The financial perspective 'How do we look to shareholders?' Few companies suffer from a shortage of financial information. The organization's financial performance is fundamental to its survival and to satisfying its shareholders. So accurate data such as return on capital employed, unit costs, cash flow, market share and profit growth remain very important bearings on the company's progress. Kaplan and Norton  had little criticism of this aspect of measurement other than to suggest that there was sometimes too much of it. They emphasized, however, that financial data is, by definition, historical. It tells us what has happened to the organization. It may not be as effective as telling us what is happening to the organization right now. And, as they say in financial advertising, past performance is no guarantee of future success.
The customer perspective 'How do we look to customers?' Kaplan and Norton were writing at a time when companies were growing more aware of a need to see things from the customer's point of view, and acknowledging the truth that it costs a lot more to find a new customer than to keep an existing one. 'Customer satisfaction' was developing into a mantra and 'customer relationship management' was about to become the next fashionable management idea - and concern for the customer has certainly not decreased since then. To view the business from this perspective, the company must gauge how satisfied customers are with the products and service they receive. Measurement here includes customer satisfaction, customer retention rates, response rates and reputation.
The business process perspective 'How effective are we internally?' This is an inward-looking, internal perspective, measuring the performance of all those key processes that drive the business. For many companies, particularly those in manufacturing, this was more familiar ground, the realm of people holding stopwatches and clipboards. The measures themselves would depend on the nature of the business but might include manufacturing excellence and quality, time to get new products to market and inventory management. Some frame the question that this perspective seeks to answer: ‘What must we excel at?
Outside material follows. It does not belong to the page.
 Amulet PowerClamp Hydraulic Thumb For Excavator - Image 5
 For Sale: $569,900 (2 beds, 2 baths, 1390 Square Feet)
The learning and growth perspective 'How can we change and improve?' Answers to this question give a measure of potential future performance, focusing on the need to invest in the development of the organization's people. 'Learning' encompasses more than merely 'training', though it includes that too. Hours spent on training and the number of employee suggestions might be among the measures sought. But Kaplan and Norton also promote the idea of mentors and tutors within the firm, as well as a relaxed style of communication between employees that allows them to get help with problems when needed. Some include innovation in this perspective, adding measures such as research and development as a proportion of sales, for example, or the percentage of sales from new products.
Put the data from these four different points of view together and the results do what it says on  the packet - they give a 'balanced' view of the organization, rather than an overwhelmingly financial one. The link between measurement and strategy comes in the choice of what gets measured - the metrics. But BSC doesn't stop at measurement. The point of measurement is to allow managers to see the organization more clearly, and to manage more effectively - to take better decisions - based on that information.
So Kaplan and Norton, who have built a profitable business out of helping companies to implement BSC, maintain that it is a management as well as a measurement system. They say you can't improve what you can't measure. Feedback from the scorecard is used to adapt the implementation of strategy or, if necessary, strategy itself.
Today, BSC is still widely used among large companies and has gained a following among public sector and non-profit organizations. Some users note that, carried out properly, BSC can be a catalyst for change. They point out that the performance measurement is not an end in itself. As Goodhart's law suggests, measures should not become targets. Instead, they should serve as aids to analysis. They don't have to be accurate, but people must have confidence in them as reliable indicators of what is actually going on.